Investor excitement about the legal marijuana industry has reached outsized proportions. In recent months, and in particular after Canada’s move to legalize recreational pot use for adults in October of this year, the burgeoning industry seems to have taken off. Investors have poured money into a growing list of companies in an effort to get in on the ground floor of the new space.
Now, many of the marijuana industry’s leading companies have released financial reports, giving investors a first-look into how those investments fared. We’ll take a look at some of the figures from reports by prominent cannabis companies like Cronos Group (CRON), Tilray (TLRY), and Canopy Growth (CGC) to see if there’s a clear victor after this first batch of financials.
Looking at Returns Alone
Before examining the financials, it’s worth noting that several of the top marijuana companies saw drastically different returns for earnings week. According to a report by the Motley Fool, Aurora Cannabis suffered a 12.2% loss during that week, while Canopy Growth lost 10% over the same period. By contrast, Cronos Group remained effectively stable and Tilray posted moderate gains of 1.4%.

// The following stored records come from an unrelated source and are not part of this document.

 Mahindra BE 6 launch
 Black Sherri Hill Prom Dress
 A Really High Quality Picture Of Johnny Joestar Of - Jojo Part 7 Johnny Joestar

The market’s reaction to financials is a good indicator of how top performers are doing. Across the board, all four of these companies saw significant revenue growth for the third quarter of the year. Aurora, in particular, was a standout: it claimed 260% top-line growth. Cronos nearly tripled its sales over Q3 of 2017. All of this is even more impressive when one considers that these figures didn’t include the full impact of Canada’s legalization, as that didn’t take effect until the last two weeks of the quarter. These companies also approached these figures differently. For instance, Canopy chose not to recognize the sales of legal cannabis products during the quarter ahead of the rollout. Other companies, by contrast, began distribution of legal marijuana soon enough that they included it in their reports for last quarter.
Different Approaches to Growth
Some of the top companies chose to invest in scaling more heavily than others. Cronos and Tilray, for example, both took losses as a result of heavy spending in order to increase production and distribution capacities. While this may mean those companies had a (comparatively) lackluster quarter, they stand to benefit going forward. In the future, Cronos and Tilray may be better prepared to handle the increased demand following the Canadian legalization proceedings and their efforts could result in greater market share down the line.

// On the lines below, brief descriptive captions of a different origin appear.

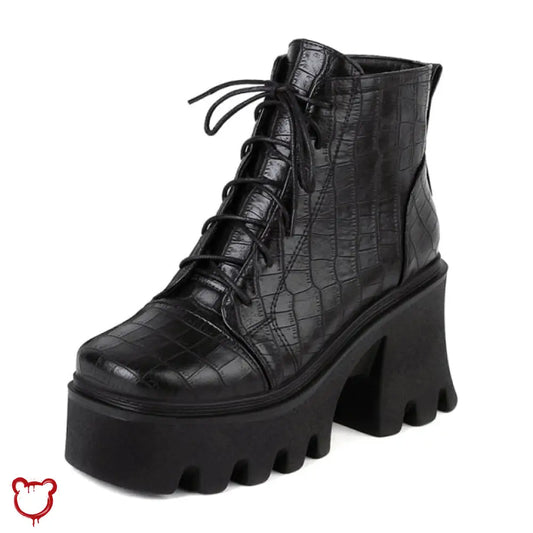 “Let’s Groove” Leather Boots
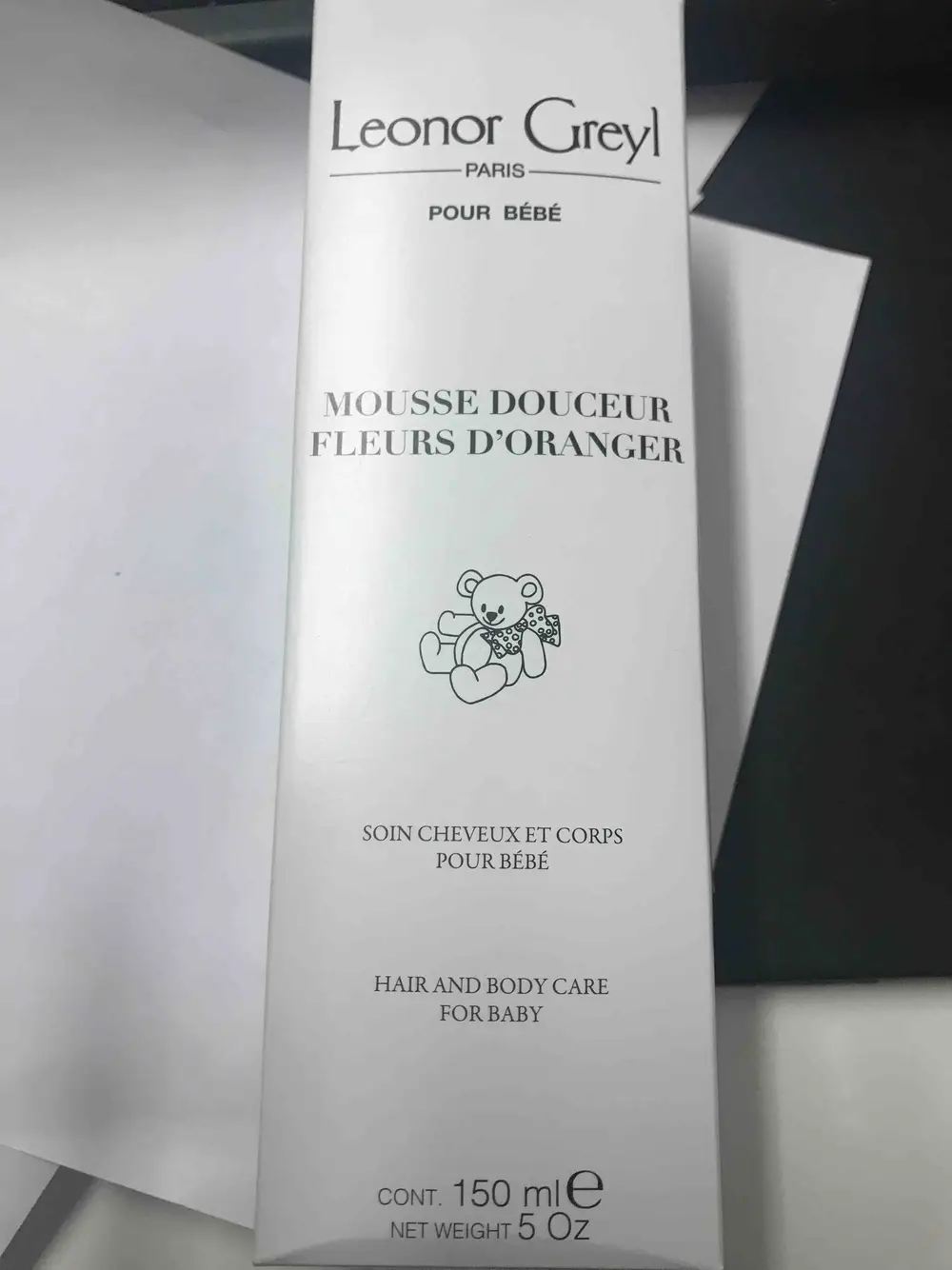 LEONOR GREYL PARIS - Mousse douceur fleurs d'oranger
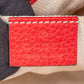 Gucci Rosso Leather GG Soho Crossbody Bag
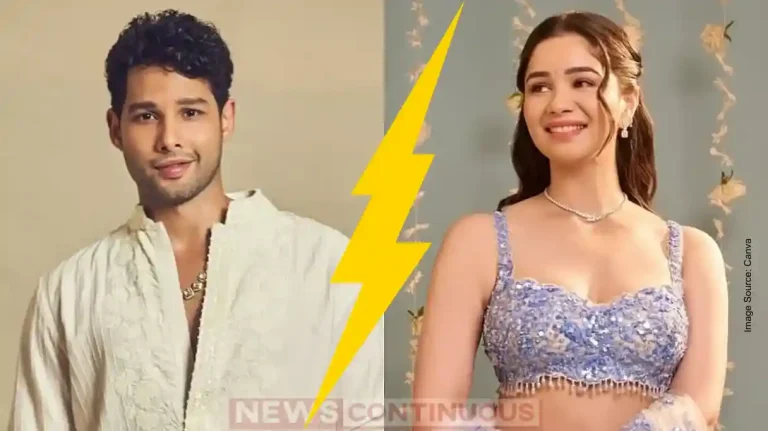 Siddhant Chaturvedi and Sara Tendulkar break up, actor ends relationship after meeting families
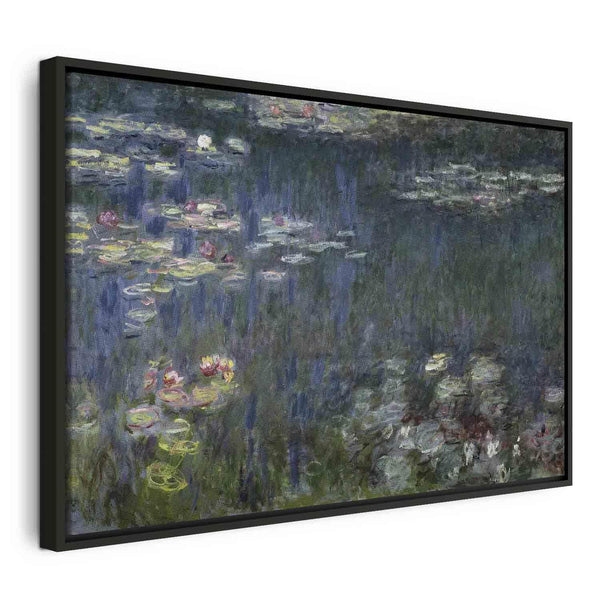 Quadro - Claude Monet – Waterlilies: Green Reflections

Aurora Cannabis, on the other hand, saw an impressive profit for the quarter. However, much of those gains were from the company’s investments, rather than its growth and production business. Canopy’s significant losses may be attributable to the success of its share price, which led to higher stock compensation costs as well as fair-value adjustments which ended up diminishing the quarter’s income.

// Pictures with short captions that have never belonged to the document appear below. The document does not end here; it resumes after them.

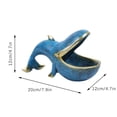 thumbnail image 5 of Xihbxyly Oferta Prime Estatua de Resina, Figura, Plato para Dulces, Decoración Del Hogar, Cuenco para Llaves, para Mesa de Entrada, Escultura de Boca Grande, Mesa, Arte, Regalos, Decoración, Contened, 5 of 5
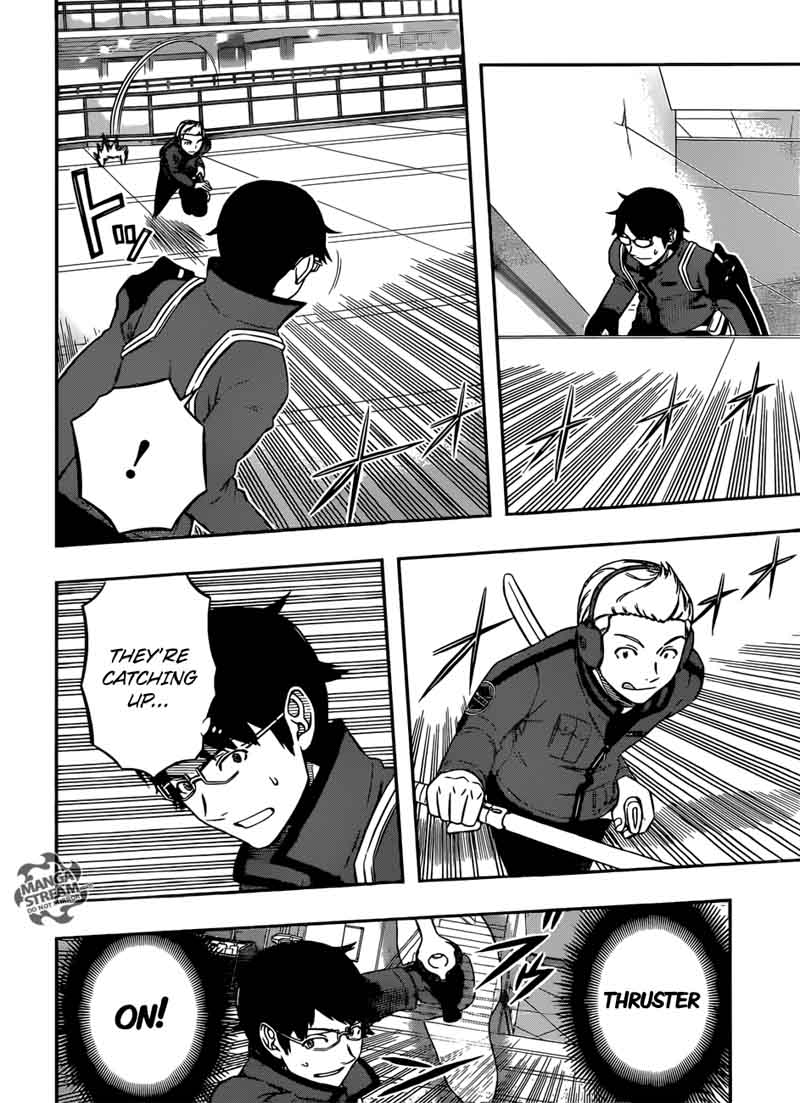 World Trigger Chapter 168 — page 14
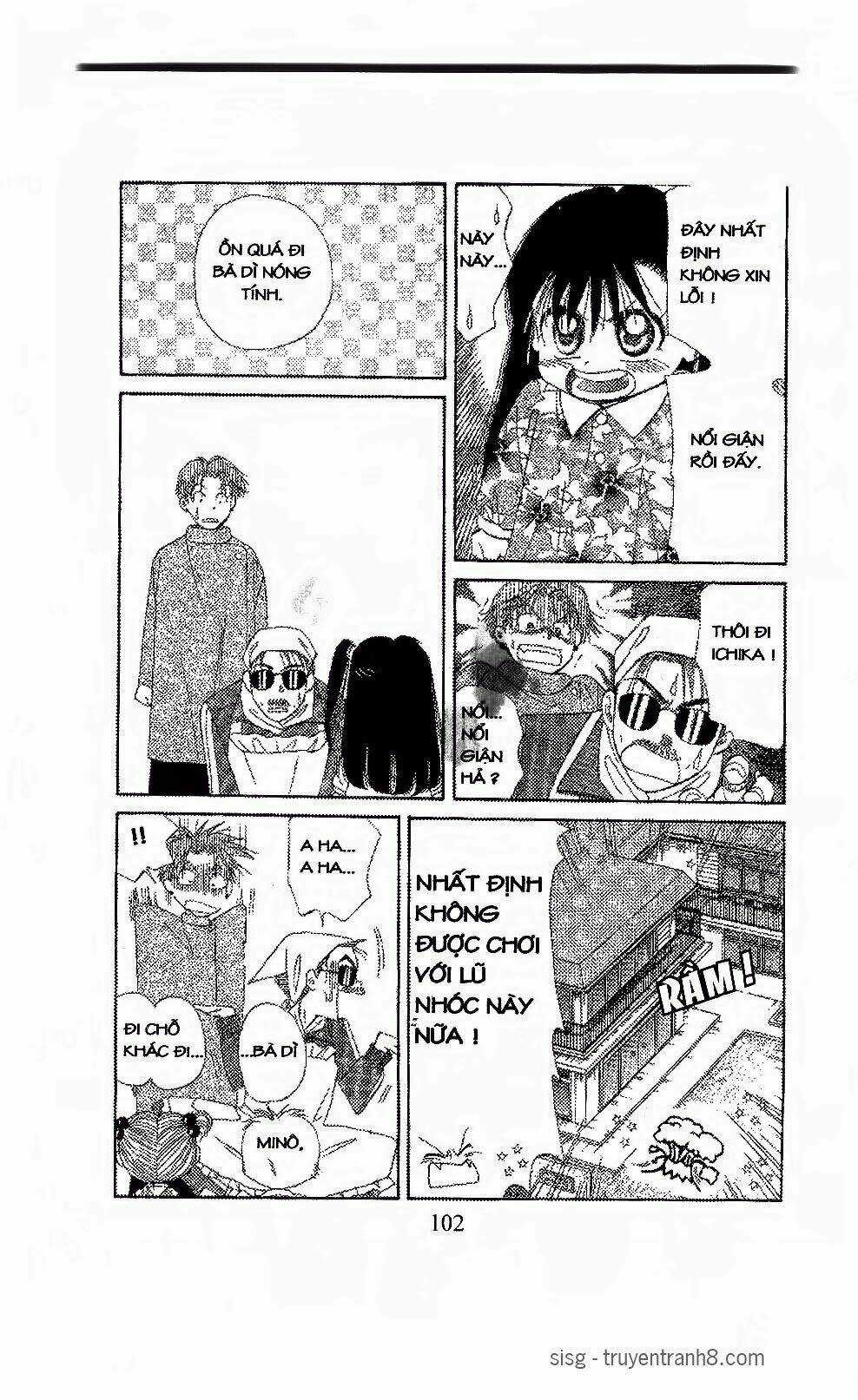 Em Bé Và Tôi Chapter 100 trang 16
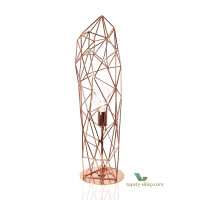 Lampa stołowa Diamond Copper Statue 483076 Globen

That’s all to say it’s difficult to pick a clear winner based on last quarter’s earnings. The industry has become well-enough established that several key players have emerged, but the real litmus test is the fourth quarter, now that Canada has legalized recreational marijuana. It’s likely that the different strategies these and other firms employed to prepare for that rollout will result in vastly different levels of success for the fourth quarter of the year. Considering that the industry is still growing and the dynamics of supply and demand are still very much in flux, it’s likely that the legal cannabis industry will undergo plenty more growing pains before cooling off. In the meantime, it’s anyone’s guess as to which of these companies will end up on top.